= Fort Ellsworth (Kansas) =

In 1864 Gen. Samuel R. Curtis established a military camp at the Fort Riley-Fort Larned Road crossing of the Smoky Hill River in what is now Ellsworth County, Kans.

The camp occupied a site where a stage station and trading ranch also operated. Daniel Page and Joseph Lehman established the hunting camp and trading ranch in 1860. The men gathered wolf and buffalo hides for trade. In 1862 the ranch became a station for the Kansas Stage Company. The station kept and fed mules that were changed when stagecoaches came through. The station was raided by Confederate soldiers in September of that year.

In August 1864 soldiers from the 7th Iowa Cavalry, under the command of 2nd Lt. Allen Ellsworth, established a fort four miles southeast of the site that eventually became Ellsworth, Kansas.
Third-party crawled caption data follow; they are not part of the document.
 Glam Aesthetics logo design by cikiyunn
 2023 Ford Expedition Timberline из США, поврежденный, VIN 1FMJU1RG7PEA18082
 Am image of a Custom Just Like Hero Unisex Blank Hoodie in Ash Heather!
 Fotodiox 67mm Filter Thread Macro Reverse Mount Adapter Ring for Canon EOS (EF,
A two-story blockhouse was built there. In July Maj. Gen. Samuel Curtis, the department commander, named the post Fort Ellsworth for Lt. Ellsworth.

The fort's mission was to protect the area settlers from hostile Indians. On August 7, 1864, Indians drove off and captured most of the post's horses and the mules belonging to the stage company servicing the area. The post remained with only two horses. Col. James H. Ford, who visited Fort Ellsworth in January 1865, noticed the post still only possessed nine horses. Ford, in charge of the district that included the post, ordered an additional company of cavalry to garrison it.
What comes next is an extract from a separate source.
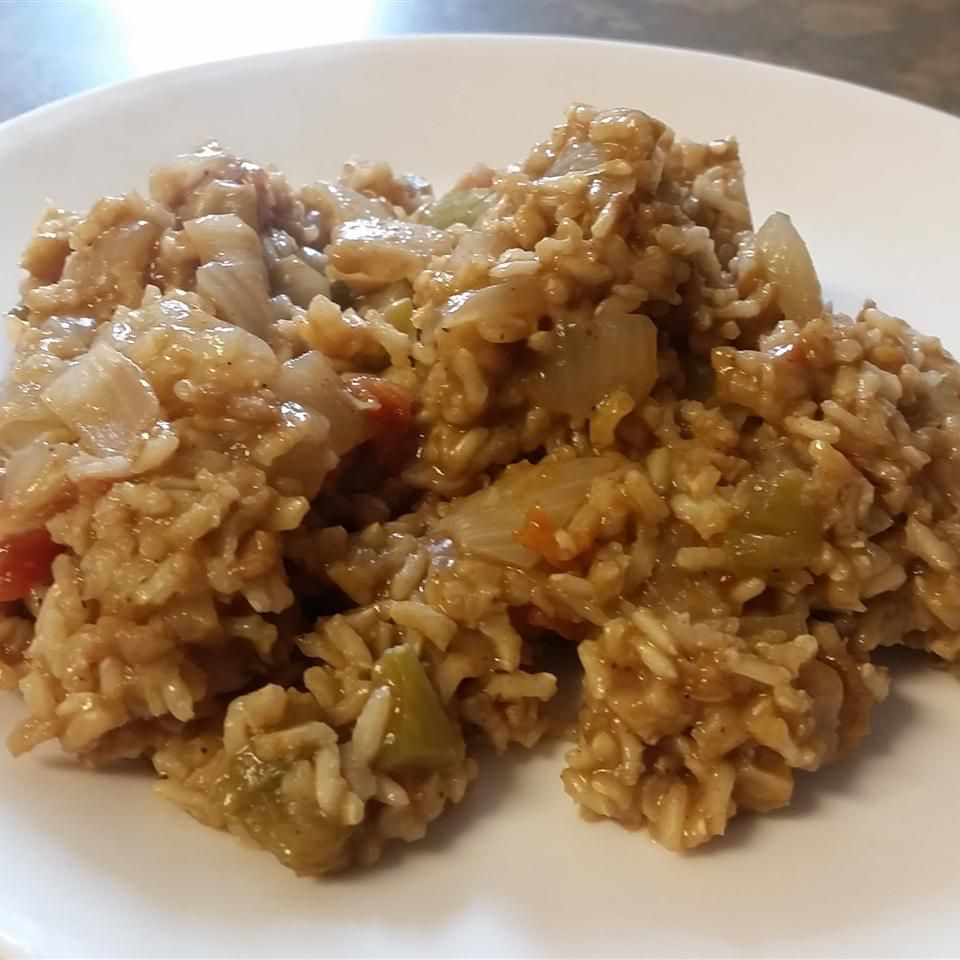 Captain's Jambalaya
Even though some buildings were built by the end of the Civil War, the troops still had primitive housing. M. Wisner wrote his company arrived in January 1865 and had to build dugouts with mud chimneys. He noted these dugouts had been comfortable in the severe cold weather.

On November 11, 1866, the post was renamed Fort Harker. In 1867 this site was abandoned when a new site about a mile to the northeast was chosen for Fort Harker.